Sometimes, things are too good to be true. Take the lottery as an example, though you may “win” hundreds of millions of dollars, the chance of you winning the lottery are slim to none, and even if you manage to win, more than half the winnings will be taken in taxes. Though Tuesday’s Phillies game wasn’t nearly as drastic as winning the lottery, the 9-4 win had it’s flaws, some that could have been seriously harmful, and others that were easily avoidable.
The game began with a tough 1st inning from rookie starter Vance Worley, an inning in which he would throw 33 pitches, working his way out of a bases-loaded jam. He would get some run support in the middle innings, as the Phillies would score a total of nine runs from the 4th inning to the 6th, including home runs by Shane Victorino (14) and John Mayberry Jr. (14). With a nine run lead, it looked as though the game was all but over, and the Phillies might as well go into cruise control.
By the end of the 5th inning, Worley had struggled through 80 pitches, allowing four hits, but stranding all of the Mets runners. Though on paper it looked as if Worley had been doing fine, it was clear, especially from his pitch count, that it took him a lot of effort to get through the first five innings. Worley had averaged only 76 pitches per game coming into the match-up, so just five innings of work had given him a good amount of pitches.
With the nine run lead and the amount of pitches that Worley had thrown, it was the logical choice to take out Worley in order to protect his arm, as he would still be in line for the win. Of course, it would have been disappointing to see a pitcher with a shutout going be taken out of the game, however, with Cole Hamels’ recent injury, earlier injuries to Roy Oswalt, the Phillies need to be protective of their starters in case any serious injuries were to occur. However, Charlie Manuel went against better judgement leaving in Worley for the 6th inning.
The move to keep Worley in for a 6th inning was understandable, especially since on paper, it looked as though Worley had been putting the Mets in a stranglehold all night. Worley got out of the inning unharmed, however, he threw 12 pitches, raising his total to 92. Add Worley’s pitch count to a Phillies bullpen that rarely gets work due to the workhorse mentality of the rest of the rotation, and you have a perfect reason to take out the rookie Worley.
However, once again, Charlie Manuel left Vance Worley in the game.
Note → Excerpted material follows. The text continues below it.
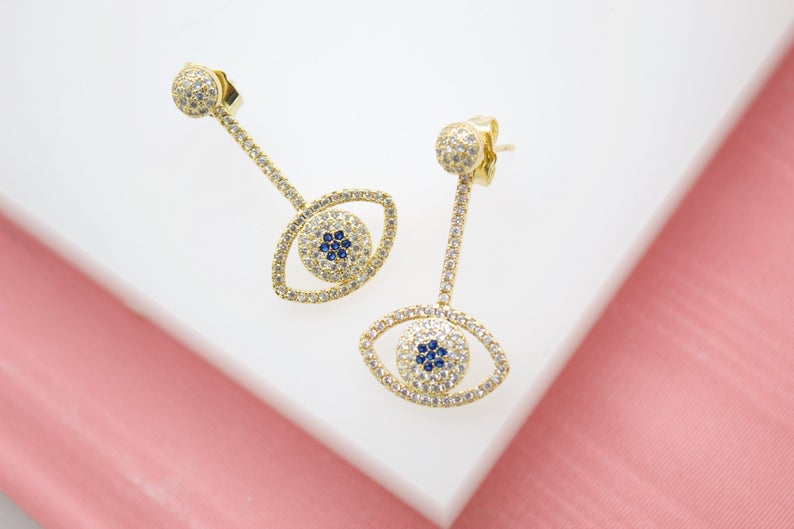 A pair of gold evil eye drop earrings embellished with sparkling white cubic zirconia stones and central blue crystals rests on a white display surface against a pink background.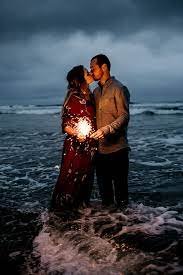 How Dreamy Is This Couple Standing In The Ocean With Sparklers So Stunning Couple Beach Pictures Couples Beach Photography Beach Photoshoot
Worley would get through the inning, but not before allowing a run, breaking up his shutout. Though Worley’s line of seven innings pitched, five hits, one earned run, one walk, and nine strikeout looked good, at what price did they come? Worley’s 109 pitches could have seriously done damage to his arm, and though they didn’t Manuel needs to start being more precautionary with his pitchers. Yes, it’s true that nobody likes to be taken out of a start no matter what the reason (Eg. Roy Halladay looking like he’s about to murder someone after being taken out of a game) but it’s Charlie Manuel’s job as the manager and the leader of the team to protect his players and think not only of the current game, but also for the future of the team.
The Mets were able to score three more runs after Worley was taken out, against Michael Stutes. Stutes, who has struggled as of late, allowed four hits and three runs in just two innings, including a home run. Though this is nothing to be totally worried about, as poor performance are expected from rookie pitchers, Stutes should be monitored more closely, especially when the playoffs come around.